Closed francqz31 closed 10 months ago
i also know that coqui shut down , there is this really new tts model here https://github.com/PolyAI-LDN/pheme that claims to be really fast too , if both of this and parakeet got integrated into https://github.com/KoljaB/LocalAIVoiceChat i believe it will be a super boost better performance with faster speed , you can also apply some tricks to them to make them faster !!
The nvidia stt looks very promising. Word error rate better than whisper and if it's even faster it's for sure is a great candidate. Hope it does all languages well and not only english. I think currently it does not scale to low VRAM systems, Whisper offers tiny model...
pheme looks good, but tbh so do a lot of engines currently. For pure speed for example styletts2 is a really great engine. 6-7x faster than XTTS.

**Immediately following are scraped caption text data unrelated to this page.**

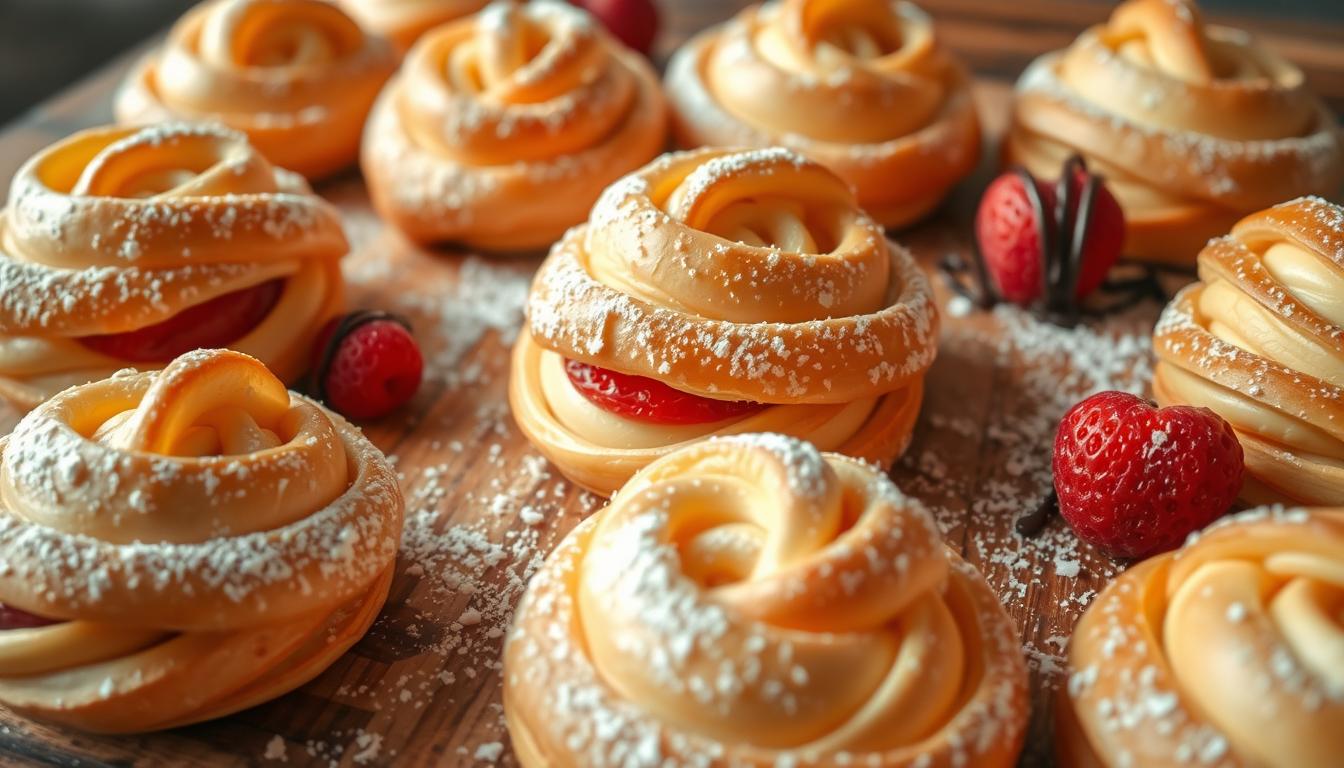 Puff Pastry Dessert Recipes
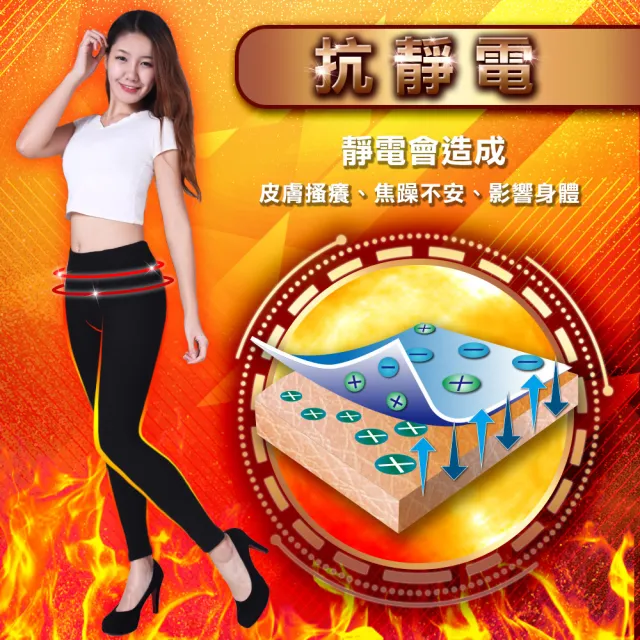 【5B2F 五餅二魚】現貨-凸紋ＨＯＴ燒刷毛褲-MIT台灣製造(超厚刷毛)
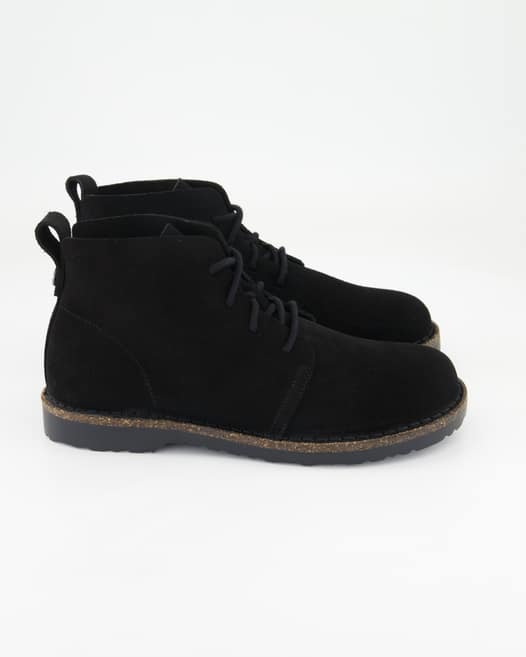 Birkenstock Uppsala Mid Stiefeletten in Schwarz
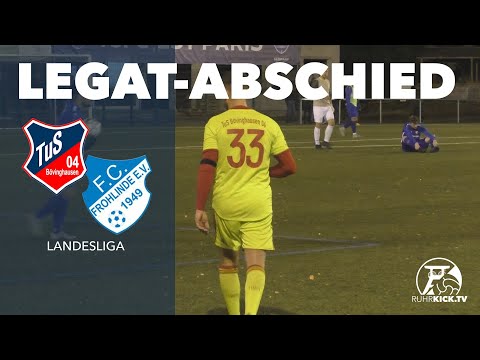 Krzysztofiak trifft doppelt bei Legat-Abschied | TuS Bövinghausen - FC Frohlinde (Landesliga)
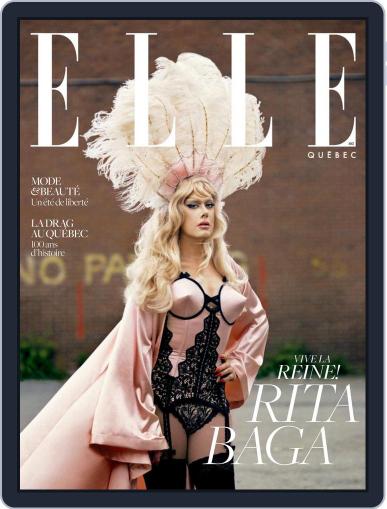 Elle QuÉbec (Digital) July 1st, 2021 Issue Cover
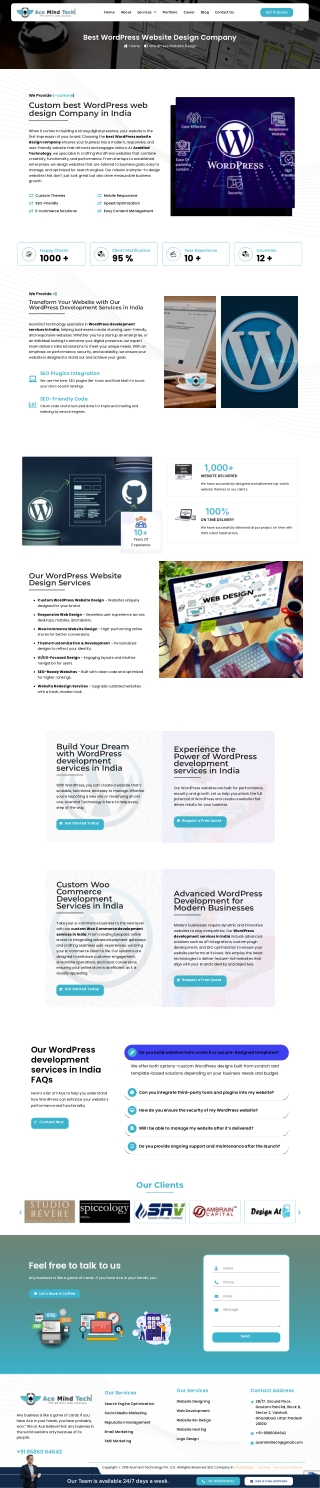 Best Wordpress Website Design Company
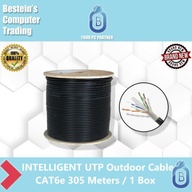 INTELLIGENT UTP Outdoor Cable CAT6e 305 Meters / 1 Box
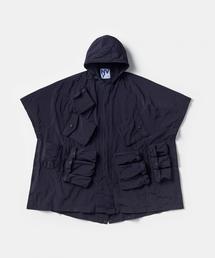 NVy by NICK WOOSTER | NVy by NICK WOOSTER(ネイビー バイ ニック ウースター) MIL PONCHO(ポンチョ)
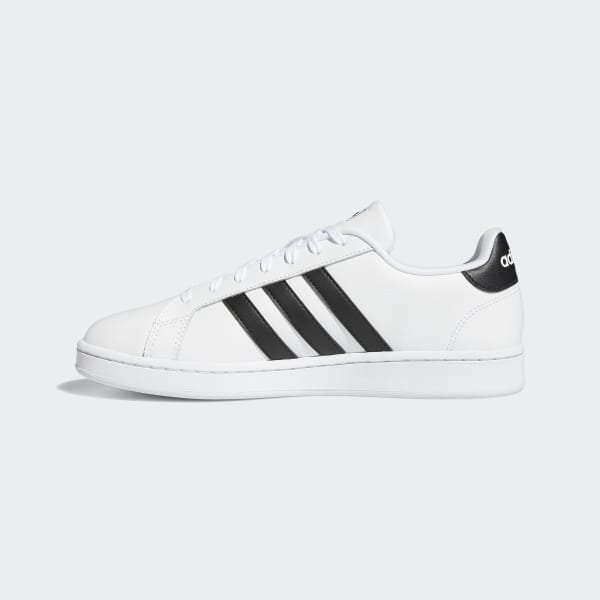 adidas Grand Court Shoes - White 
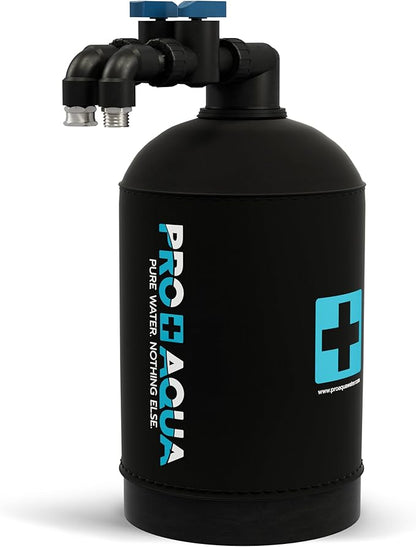 PRO+AQUA RinseMaster Pro |Portable Spotless 3,100 Gallon Deionizer Spot-Free System for Car & RV Wash, Auto Detailing, High Capacity Spotless Rinse for All Vehicles, Trailers, Motorcycles, Boats
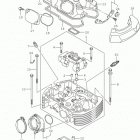 VL1500B Головка цилиндров (задняя)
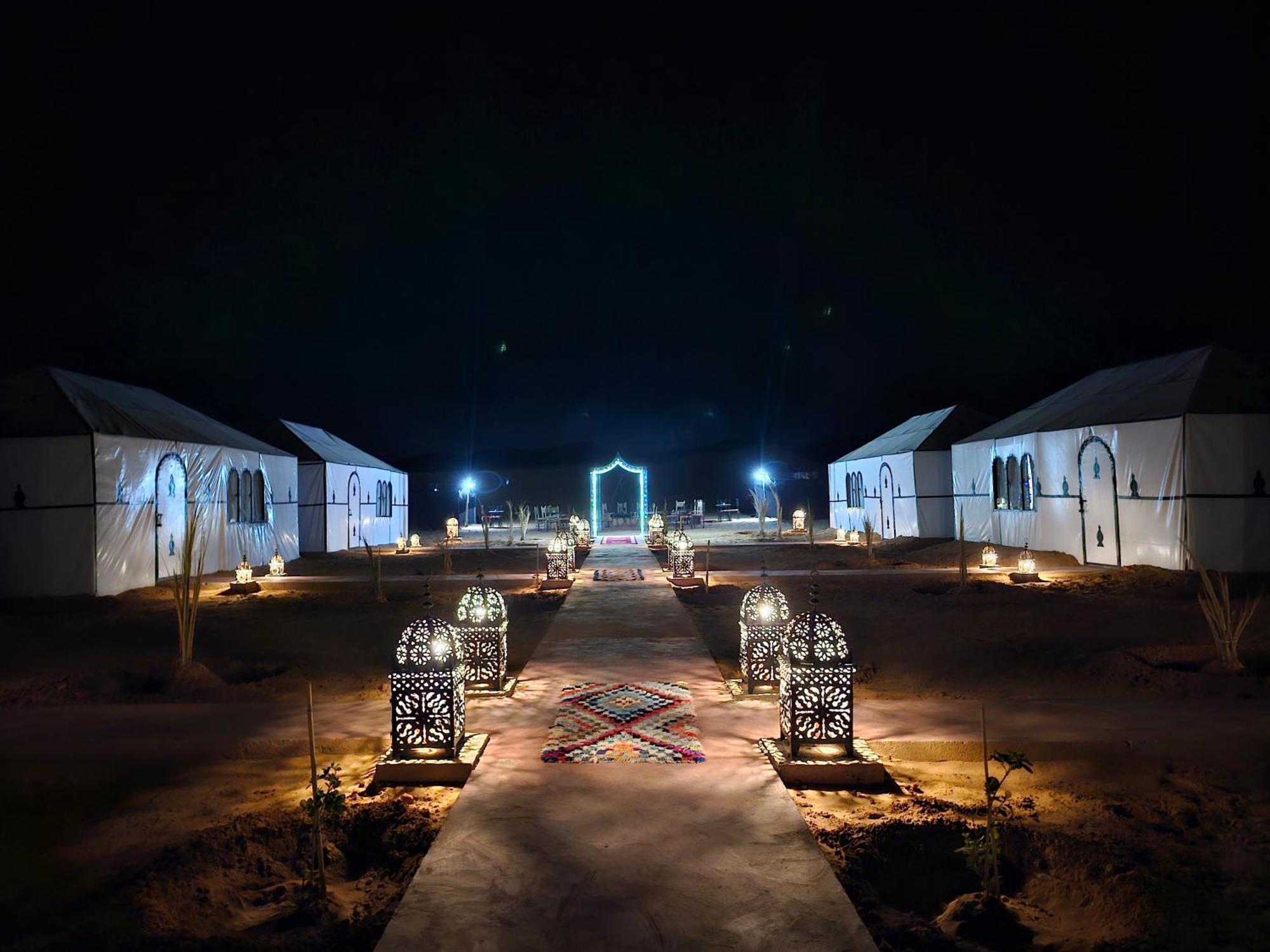 Hotel Najma Luxury Camp Merzouga Exterior foto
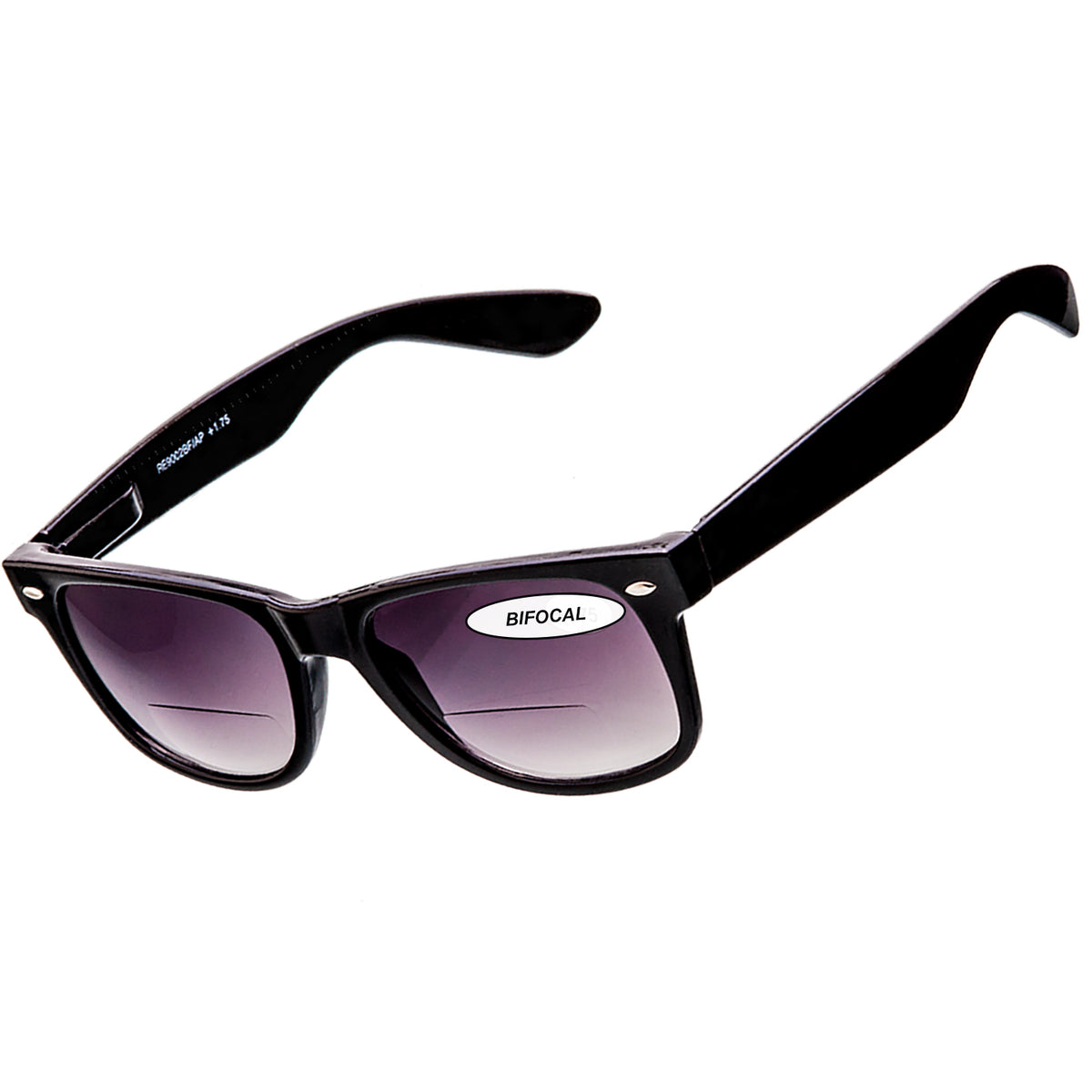 Spits Classic Wafarer Bifocal Sunglasses Black Frame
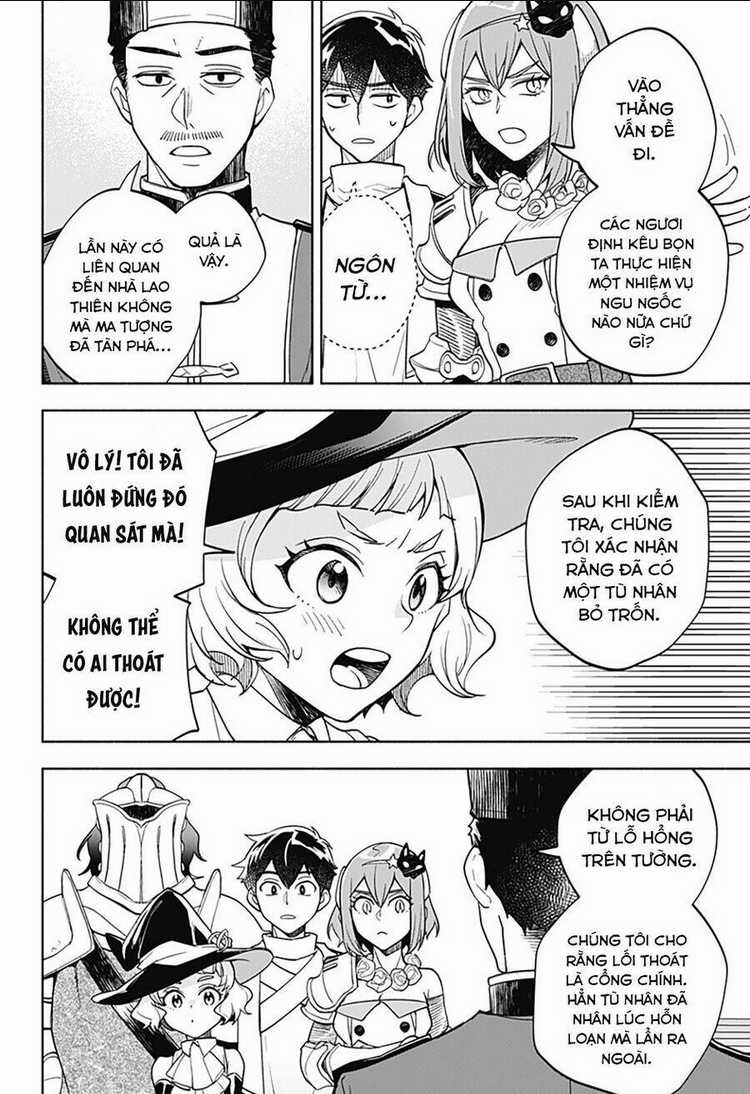 Ma Vương Hoán Đổi!! - Chapter 9 - Trang 19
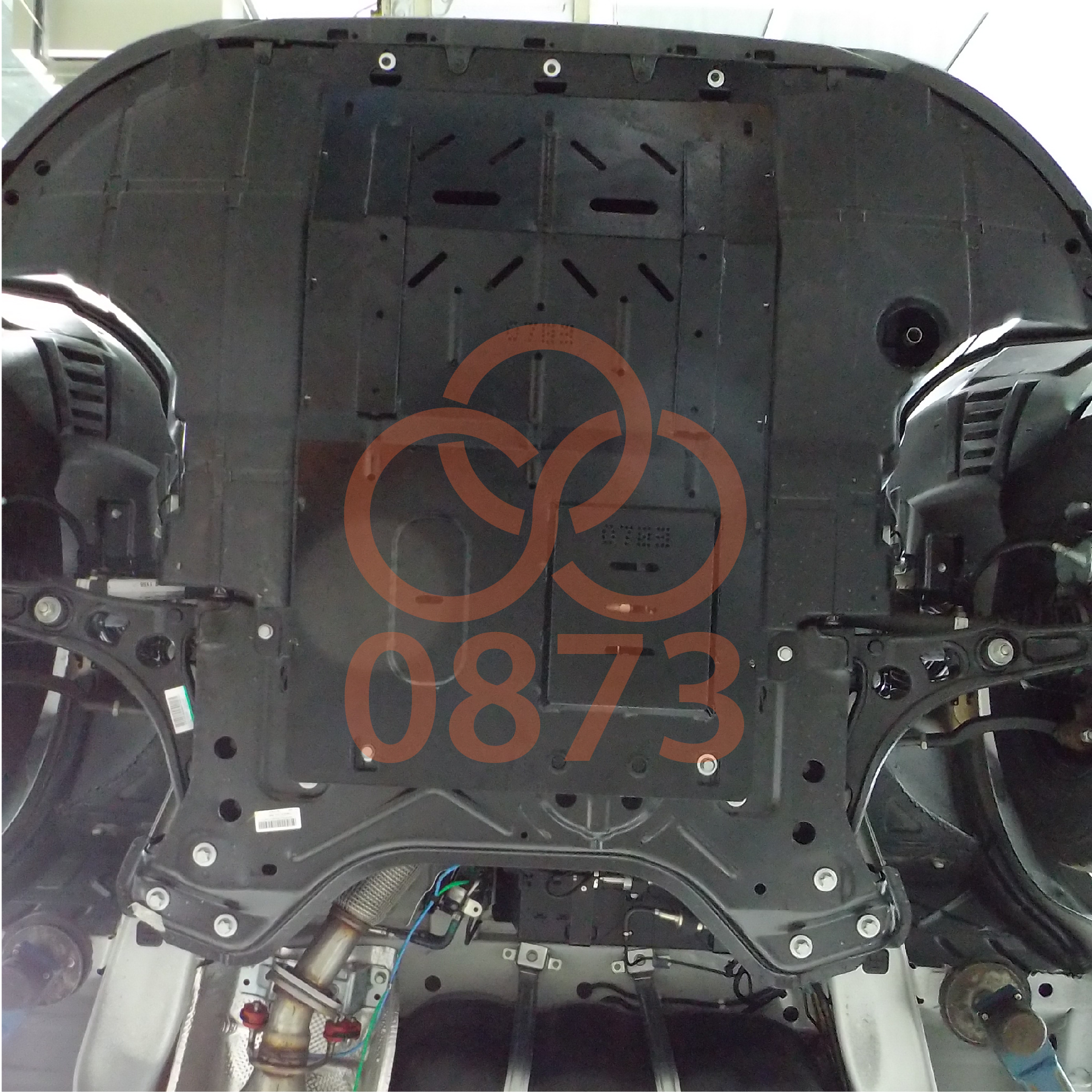 Фото 2. Захист картера Кольчуга Citroen Jumper IIІ 2014- V-2.3 D КОЛЬЧУГА 10873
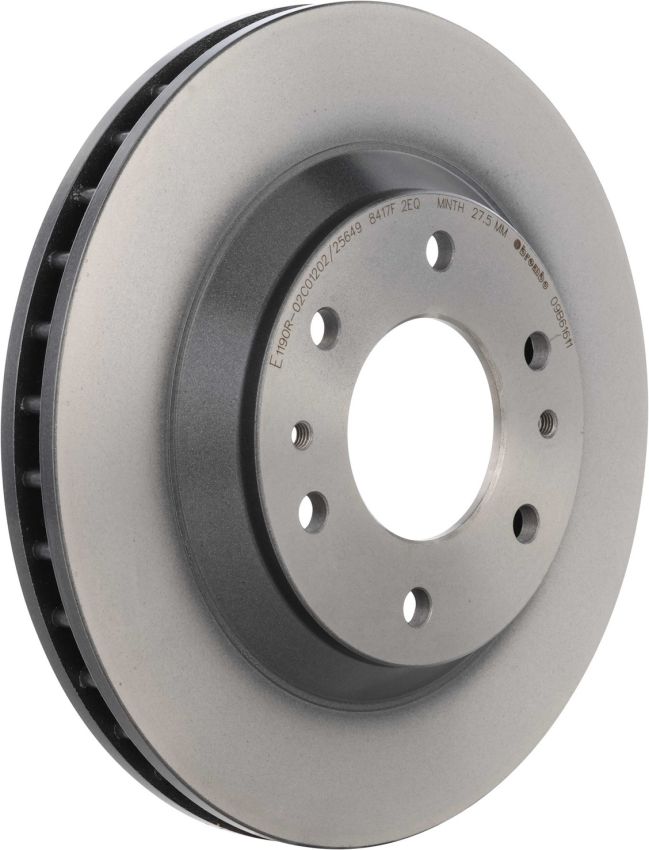 Brembo 09.B616.11 Premium Coated Vented Brake Rotor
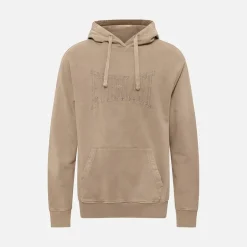 Vasket broderet hættetrøje Fossil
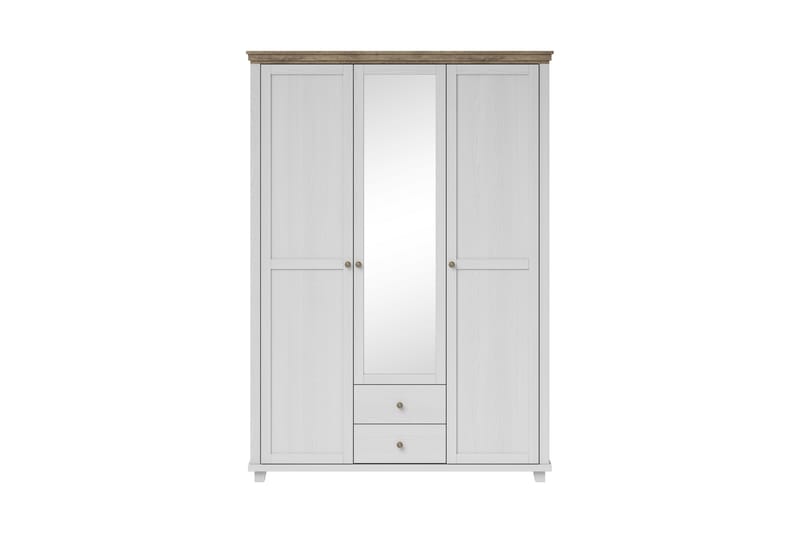 Doade Garderobe 62x108 cm - Askegrå | Natur - Opbevaring - Tøjopbevaring - Garderobeskabe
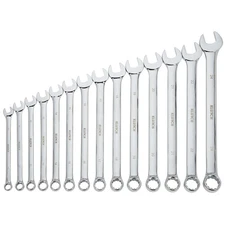 Klutch 14-Pc. Metric Extra-Long Wrench Set, Model# 34696A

ok got it 👍 i just wanted to notify you , there is also a really new MIT licenced model that claims to be better than mistral 7B thus it mostly will be compatible with zypher! , it is only 2.7B so i bet it will be really fast https://huggingface.co/microsoft/phi-2 you might want to integrated into LocalAIVoiceChat for better speed while holding same accuracy!
now i will close the issue
@KoljaB Are you planing to try one of this? Would be awesome to receive faster results since even with Cuda i receive fullSentence event after 3-4 seconds for 3 sentences of text which is not ideal
there are new fast stt models from nvidia they claim to be better than whisper v3: on here https://huggingface.co/spaces/hf-audio/open_asr_leaderboard , some of them are really really fast with almost the same accuracy as large whsiper models aka the parakeet family even this one https://huggingface.co/spaces/nvidia/parakeet-rnnt-1.1b is way faster than whisper v3!